Hi guys ! I've been admiring all your wonderful works for quite sometime now and have been greatly inspired by them ! Here are my little 30cm x 30cm x 35 cm tanks. One is a low-tech non-CO2 tank while the other has pressurised CO2. Hope you guys enjoy it and would love to read your constructive comments if you guys have any.


----------



## Pinto (Mar 22, 2008)

Your tank looks awesome!!
Even though its a 1FT tank, it looks bigger.
Nice pics of your shrimps.


----------



## Ultimbow (Sep 10, 2005)

Love both nice work!!!!

What kind of lamp and brand are those? I am looking for one like that.

Again nice job!


----------



## raindeepak4u (Aug 28, 2008)

Nice looking tank.


----------



## kimcadmus (Nov 23, 2008)

Great looking tanks! Those shrimp look very happy. I'm interested in learning more about your low tech tank. Looks like mosses and ferns.


----------



## vwsj84 (Jan 30, 2009)

Ultimbow said:


> Love both nice work!!!!
> 
> What kind of lamp and brand are those? I am looking for one like that.
> 
> Again nice job!


Not too sure about the brand...seems like its a generic brand... got it from a local aquarium shop here in Singapore. By default it uses 2 x 9w PL light tubes. For the tank that has pressurised CO2, I have upgraded it to 2 x 13w.


----------



## vwsj84 (Jan 30, 2009)

kimcadmus said:


> Great looking tanks! Those shrimp look very happy. I'm interested in learning more about your low tech tank. Looks like mosses and ferns.


Well... the low tech tank was set up since June 2008. It has recently gone through a major trimming. Plants in the tank are as follows :

- Java ferns ( Left background, leaves can be seen in the middle ) - I'm not too good with scientific names and specific species so i am not sure exactly what kind... just purchased one readily available at the local aquarium shop

- Normal Nana ( Right background )
- Nana petite ( Right foreground )
- Flame moss (Right midground )
- Taiwan moss + Christmas moss + Spiky moss ( I think ? ) (Left wall)
- Weeping moss + Spiky moss ( Front middle foreground )

Sad to say there is hair algae growing within some of the moss bundles and I can't seem to get the hair algae out.

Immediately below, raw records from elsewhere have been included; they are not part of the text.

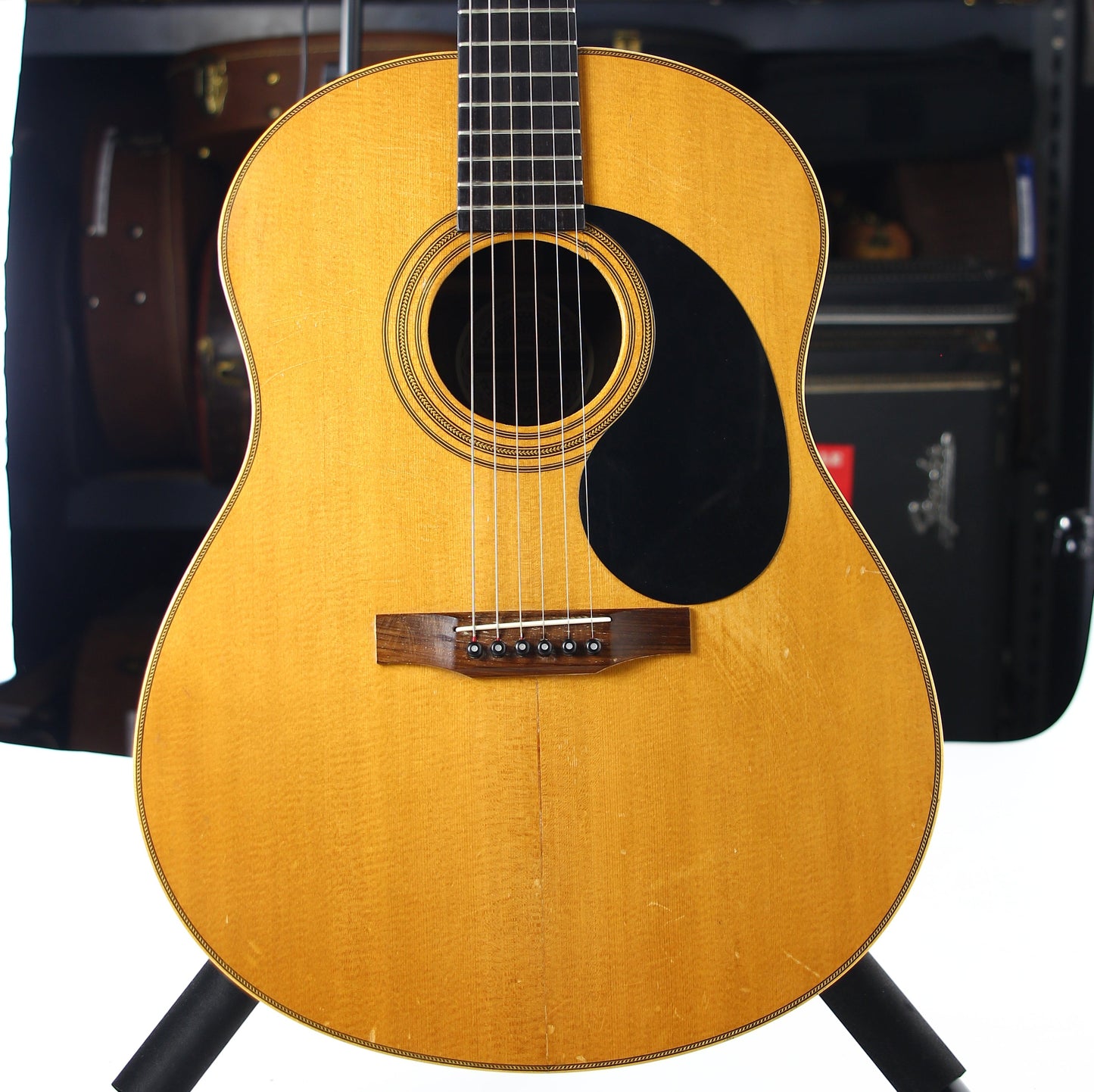 c. 1978 Gurian J R Acoustic Jumbo Rosewood Vintage Flattop Acoustic Guitar - Early Boutique Builder!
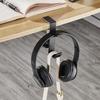 No-Drill Backpack Hook for Desk Edge - Strong, Mark-Free Holder for Students and Offices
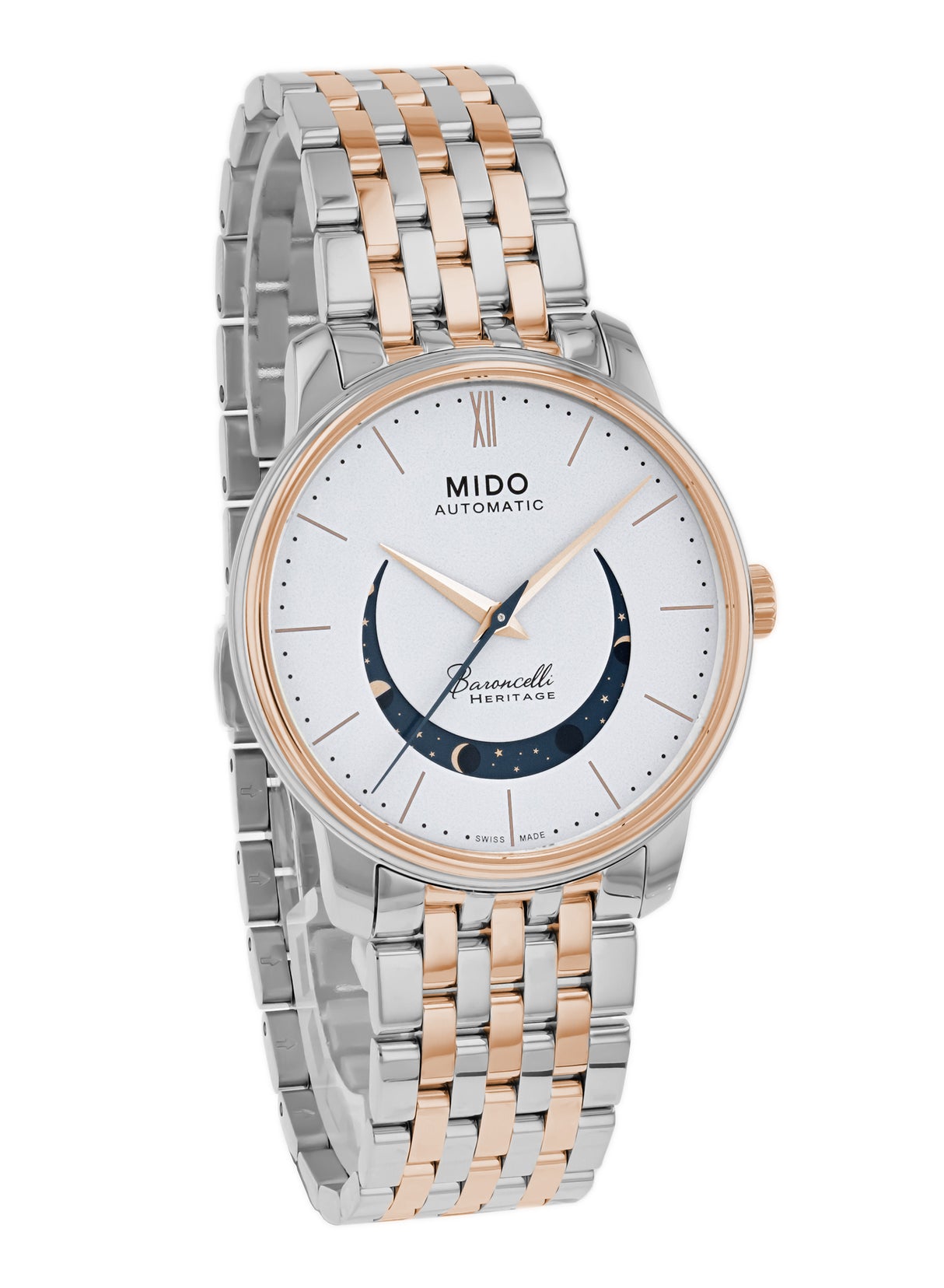 MIDO Baroncelli Smiling Moon Gent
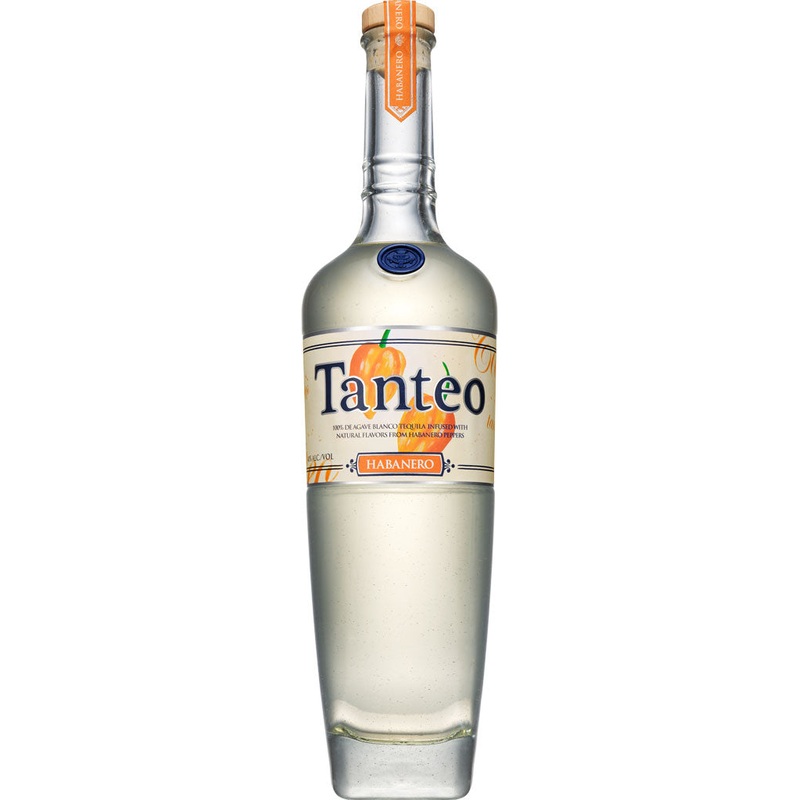 Tanteo Habanero Tequila Blanco 750ml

*will update with a full tank shot of only the low tech tank later !*


----------



## cibserg (Apr 22, 2008)

The tanks are awesome. 
Please tell us what fertilisation, substrate are you using for the high tech one.
Thank you.


----------



## GlitcH (Aug 21, 2006)

You've got two very nice little tanks there, my fav is the one on the right. Is the gravel slopped up on the left side or is the HC just not rooting well on that side?
Anyway, thanks for the photos Vdub!

Hey just a thought on the hair algae, you may want to try double dosing with Flourish Excel. It has worked for me.


----------



## defdac (May 10, 2004)

So clean and beautiful. Great work!


----------



## gsparsan (Jan 9, 2009)

2 very nice tanks. They look much bigger than they are.


----------



## gravy9 (Aug 28, 2008)

Beautiful tanks and healthy shrimp. Excellent job.


----------



## vwsj84 (Jan 30, 2009)

Thanks for all the nice comments guys ! Really appreciate them ! 

Anyway... am in the process of doing some minor rescaping of the tank on the right. 
Just to answer some of your questions...
The HC on the left is rooted on a lava rock.
I am using GEX soil... not sure if they are available in the states... think its from japan if i am not wrong. For fertilisation i am using Wonder-gro macro and micro liquids... dosing is based on EI method. This is for the high-tech tank. 
For the low-tech tank... i dose excel once a week.


----------



## kimcadmus (Nov 23, 2008)

thanks for the low tech outline. Would love to see the closeups you mentioned.

Great tanks,


----------